» **Task instructions**
Repeat exactly, and only, the lines of the entries below from the one with "Image 1 of 4" through the one with "Apricot Dress ' ' in Black", both ends included.

(Supplied material begins)

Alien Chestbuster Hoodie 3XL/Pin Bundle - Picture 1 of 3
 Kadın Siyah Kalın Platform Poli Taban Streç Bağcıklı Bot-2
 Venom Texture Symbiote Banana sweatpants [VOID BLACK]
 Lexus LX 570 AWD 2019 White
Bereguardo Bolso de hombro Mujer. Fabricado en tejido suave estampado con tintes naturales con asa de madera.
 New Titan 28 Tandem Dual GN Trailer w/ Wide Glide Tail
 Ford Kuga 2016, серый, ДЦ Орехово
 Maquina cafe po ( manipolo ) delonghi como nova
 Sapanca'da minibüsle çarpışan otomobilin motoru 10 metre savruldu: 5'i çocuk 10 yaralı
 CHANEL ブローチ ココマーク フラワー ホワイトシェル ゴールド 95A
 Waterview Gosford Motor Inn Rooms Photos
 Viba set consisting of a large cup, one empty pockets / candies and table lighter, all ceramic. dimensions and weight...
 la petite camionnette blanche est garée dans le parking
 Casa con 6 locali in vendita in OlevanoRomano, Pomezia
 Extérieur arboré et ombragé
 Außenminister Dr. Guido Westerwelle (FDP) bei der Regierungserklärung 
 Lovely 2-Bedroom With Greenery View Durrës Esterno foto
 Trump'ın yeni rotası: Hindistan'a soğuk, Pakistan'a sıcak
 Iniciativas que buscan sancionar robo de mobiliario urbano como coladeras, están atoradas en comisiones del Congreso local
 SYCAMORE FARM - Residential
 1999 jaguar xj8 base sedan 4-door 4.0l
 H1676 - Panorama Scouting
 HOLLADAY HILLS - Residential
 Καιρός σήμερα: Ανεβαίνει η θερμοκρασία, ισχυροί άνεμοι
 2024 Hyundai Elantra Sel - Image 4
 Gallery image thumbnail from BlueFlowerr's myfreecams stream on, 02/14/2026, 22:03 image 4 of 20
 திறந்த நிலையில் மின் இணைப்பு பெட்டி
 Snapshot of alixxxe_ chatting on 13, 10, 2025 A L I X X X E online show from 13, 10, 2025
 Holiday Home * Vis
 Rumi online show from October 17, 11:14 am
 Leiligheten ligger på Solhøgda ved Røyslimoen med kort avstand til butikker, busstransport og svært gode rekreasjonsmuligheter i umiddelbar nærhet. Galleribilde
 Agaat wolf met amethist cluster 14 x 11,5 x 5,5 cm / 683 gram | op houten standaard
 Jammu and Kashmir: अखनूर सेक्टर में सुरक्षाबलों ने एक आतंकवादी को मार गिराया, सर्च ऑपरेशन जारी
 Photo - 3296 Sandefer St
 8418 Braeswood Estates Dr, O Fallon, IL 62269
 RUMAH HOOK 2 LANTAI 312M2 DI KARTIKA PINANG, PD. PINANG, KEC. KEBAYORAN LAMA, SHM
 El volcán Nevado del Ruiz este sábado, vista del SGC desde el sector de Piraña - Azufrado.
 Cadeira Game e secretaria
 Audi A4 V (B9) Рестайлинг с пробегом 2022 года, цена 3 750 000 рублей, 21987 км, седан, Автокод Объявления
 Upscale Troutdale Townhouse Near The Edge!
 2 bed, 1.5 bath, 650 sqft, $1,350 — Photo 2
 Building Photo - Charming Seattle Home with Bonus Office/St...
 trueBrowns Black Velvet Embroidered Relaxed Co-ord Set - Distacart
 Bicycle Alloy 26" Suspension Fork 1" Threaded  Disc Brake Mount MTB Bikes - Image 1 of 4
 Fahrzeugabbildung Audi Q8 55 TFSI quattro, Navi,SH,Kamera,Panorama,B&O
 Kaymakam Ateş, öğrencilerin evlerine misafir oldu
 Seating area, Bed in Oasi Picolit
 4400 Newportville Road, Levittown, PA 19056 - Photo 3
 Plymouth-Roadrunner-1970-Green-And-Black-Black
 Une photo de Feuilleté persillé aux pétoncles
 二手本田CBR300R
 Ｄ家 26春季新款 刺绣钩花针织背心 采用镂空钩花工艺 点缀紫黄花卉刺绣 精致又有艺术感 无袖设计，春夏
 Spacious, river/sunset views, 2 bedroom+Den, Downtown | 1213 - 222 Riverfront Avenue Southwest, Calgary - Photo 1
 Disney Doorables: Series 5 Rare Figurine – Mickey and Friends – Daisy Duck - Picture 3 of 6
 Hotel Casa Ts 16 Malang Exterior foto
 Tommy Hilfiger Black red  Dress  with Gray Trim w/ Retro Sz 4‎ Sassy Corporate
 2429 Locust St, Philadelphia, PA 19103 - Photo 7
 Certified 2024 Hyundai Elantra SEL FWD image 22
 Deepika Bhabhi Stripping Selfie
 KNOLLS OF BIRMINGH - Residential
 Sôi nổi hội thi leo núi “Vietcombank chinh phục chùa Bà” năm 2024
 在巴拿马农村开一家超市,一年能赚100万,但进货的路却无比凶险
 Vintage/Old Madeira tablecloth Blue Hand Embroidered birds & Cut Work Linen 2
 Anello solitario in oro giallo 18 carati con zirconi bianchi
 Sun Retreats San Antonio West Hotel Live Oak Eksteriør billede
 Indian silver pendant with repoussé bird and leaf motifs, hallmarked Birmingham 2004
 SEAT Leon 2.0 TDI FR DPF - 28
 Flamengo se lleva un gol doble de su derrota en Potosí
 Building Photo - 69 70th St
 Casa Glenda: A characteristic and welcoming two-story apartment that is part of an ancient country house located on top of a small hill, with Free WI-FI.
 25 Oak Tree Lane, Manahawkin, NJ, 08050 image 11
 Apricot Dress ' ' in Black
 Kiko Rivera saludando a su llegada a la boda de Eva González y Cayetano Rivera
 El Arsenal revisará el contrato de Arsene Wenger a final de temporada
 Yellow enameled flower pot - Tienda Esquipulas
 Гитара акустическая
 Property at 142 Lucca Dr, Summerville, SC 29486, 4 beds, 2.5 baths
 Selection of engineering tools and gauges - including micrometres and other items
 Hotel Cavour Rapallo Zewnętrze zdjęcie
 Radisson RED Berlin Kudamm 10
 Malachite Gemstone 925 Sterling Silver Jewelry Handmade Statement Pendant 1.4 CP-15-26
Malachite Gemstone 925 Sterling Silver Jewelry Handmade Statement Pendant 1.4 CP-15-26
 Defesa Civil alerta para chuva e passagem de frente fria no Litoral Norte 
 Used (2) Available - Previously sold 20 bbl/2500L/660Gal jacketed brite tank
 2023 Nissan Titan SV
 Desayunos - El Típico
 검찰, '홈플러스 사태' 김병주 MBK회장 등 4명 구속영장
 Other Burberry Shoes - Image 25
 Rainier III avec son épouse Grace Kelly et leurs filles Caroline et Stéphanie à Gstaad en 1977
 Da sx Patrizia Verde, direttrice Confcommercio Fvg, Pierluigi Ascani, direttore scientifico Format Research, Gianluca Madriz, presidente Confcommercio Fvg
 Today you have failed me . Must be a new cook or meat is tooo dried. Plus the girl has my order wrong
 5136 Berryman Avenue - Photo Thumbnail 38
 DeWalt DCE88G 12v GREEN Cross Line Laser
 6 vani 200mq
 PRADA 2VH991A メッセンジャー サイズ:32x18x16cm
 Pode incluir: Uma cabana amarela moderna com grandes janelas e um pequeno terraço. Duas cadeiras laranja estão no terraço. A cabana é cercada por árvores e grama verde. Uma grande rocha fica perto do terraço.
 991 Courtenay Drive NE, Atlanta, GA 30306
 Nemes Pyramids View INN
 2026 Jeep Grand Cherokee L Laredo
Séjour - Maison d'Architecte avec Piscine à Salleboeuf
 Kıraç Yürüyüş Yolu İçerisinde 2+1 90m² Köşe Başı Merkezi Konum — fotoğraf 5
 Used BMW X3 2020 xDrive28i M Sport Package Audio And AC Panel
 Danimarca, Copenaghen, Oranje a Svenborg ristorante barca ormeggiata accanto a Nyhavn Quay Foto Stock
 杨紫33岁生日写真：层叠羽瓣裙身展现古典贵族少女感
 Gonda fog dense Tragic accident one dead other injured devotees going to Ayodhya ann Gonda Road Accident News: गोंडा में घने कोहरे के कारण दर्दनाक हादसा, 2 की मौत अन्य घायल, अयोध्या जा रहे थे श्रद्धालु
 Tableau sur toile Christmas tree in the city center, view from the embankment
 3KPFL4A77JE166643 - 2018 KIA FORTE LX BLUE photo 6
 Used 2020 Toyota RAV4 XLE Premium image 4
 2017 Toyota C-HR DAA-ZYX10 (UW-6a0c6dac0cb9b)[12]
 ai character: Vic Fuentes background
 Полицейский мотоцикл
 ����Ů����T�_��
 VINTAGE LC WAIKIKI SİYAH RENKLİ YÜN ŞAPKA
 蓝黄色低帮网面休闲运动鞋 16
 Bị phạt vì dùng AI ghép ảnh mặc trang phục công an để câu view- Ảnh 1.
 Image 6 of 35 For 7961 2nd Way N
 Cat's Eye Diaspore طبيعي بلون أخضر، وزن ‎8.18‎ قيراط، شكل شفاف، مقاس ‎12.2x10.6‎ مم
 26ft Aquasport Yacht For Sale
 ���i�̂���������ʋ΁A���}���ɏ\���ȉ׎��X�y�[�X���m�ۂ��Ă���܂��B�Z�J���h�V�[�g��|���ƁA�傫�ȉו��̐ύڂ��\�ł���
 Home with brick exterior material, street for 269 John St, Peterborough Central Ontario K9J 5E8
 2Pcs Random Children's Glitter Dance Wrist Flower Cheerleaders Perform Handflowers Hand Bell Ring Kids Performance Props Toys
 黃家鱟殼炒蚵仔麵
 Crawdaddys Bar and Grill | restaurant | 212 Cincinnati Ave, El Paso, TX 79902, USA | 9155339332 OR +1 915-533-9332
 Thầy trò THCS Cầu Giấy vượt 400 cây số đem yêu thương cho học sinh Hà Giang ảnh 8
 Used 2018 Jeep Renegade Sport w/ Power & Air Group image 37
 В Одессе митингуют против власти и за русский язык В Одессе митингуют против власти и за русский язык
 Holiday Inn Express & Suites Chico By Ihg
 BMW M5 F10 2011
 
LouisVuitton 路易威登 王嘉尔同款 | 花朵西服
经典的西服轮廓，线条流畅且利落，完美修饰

(Supplied material ends)

» **Written reply**
 Bicycle Alloy 26" Suspension Fork 1" Threaded  Disc Brake Mount MTB Bikes - Image 1 of 4
 Fahrzeugabbildung Audi Q8 55 TFSI quattro, Navi,SH,Kamera,Panorama,B&O
 Kaymakam Ateş, öğrencilerin evlerine misafir oldu
 Seating area, Bed in Oasi Picolit
 4400 Newportville Road, Levittown, PA 19056 - Photo 3
 Plymouth-Roadrunner-1970-Green-And-Black-Black
 Une photo de Feuilleté persillé aux pétoncles
 二手本田CBR300R
 Ｄ家 26春季新款 刺绣钩花针织背心 采用镂空钩花工艺 点缀紫黄花卉刺绣 精致又有艺术感 无袖设计，春夏
 Spacious, river/sunset views, 2 bedroom+Den, Downtown | 1213 - 222 Riverfront Avenue Southwest, Calgary - Photo 1
 Disney Doorables: Series 5 Rare Figurine – Mickey and Friends – Daisy Duck - Picture 3 of 6
 Hotel Casa Ts 16 Malang Exterior foto
 Tommy Hilfiger Black red  Dress  with Gray Trim w/ Retro Sz 4‎ Sassy Corporate
 2429 Locust St, Philadelphia, PA 19103 - Photo 7
 Certified 2024 Hyundai Elantra SEL FWD image 22
 Deepika Bhabhi Stripping Selfie
 KNOLLS OF BIRMINGH - Residential
 Sôi nổi hội thi leo núi “Vietcombank chinh phục chùa Bà” năm 2024
 在巴拿马农村开一家超市,一年能赚100万,但进货的路却无比凶险
 Vintage/Old Madeira tablecloth Blue Hand Embroidered birds & Cut Work Linen 2
 Anello solitario in oro giallo 18 carati con zirconi bianchi
 Sun Retreats San Antonio West Hotel Live Oak Eksteriør billede
 Indian silver pendant with repoussé bird and leaf motifs, hallmarked Birmingham 2004
 SEAT Leon 2.0 TDI FR DPF - 28
 Flamengo se lleva un gol doble de su derrota en Potosí
 Building Photo - 69 70th St
 Casa Glenda: A characteristic and welcoming two-story apartment that is part of an ancient country house located on top of a small hill, with Free WI-FI.
 25 Oak Tree Lane, Manahawkin, NJ, 08050 image 11
 Apricot Dress ' ' in Black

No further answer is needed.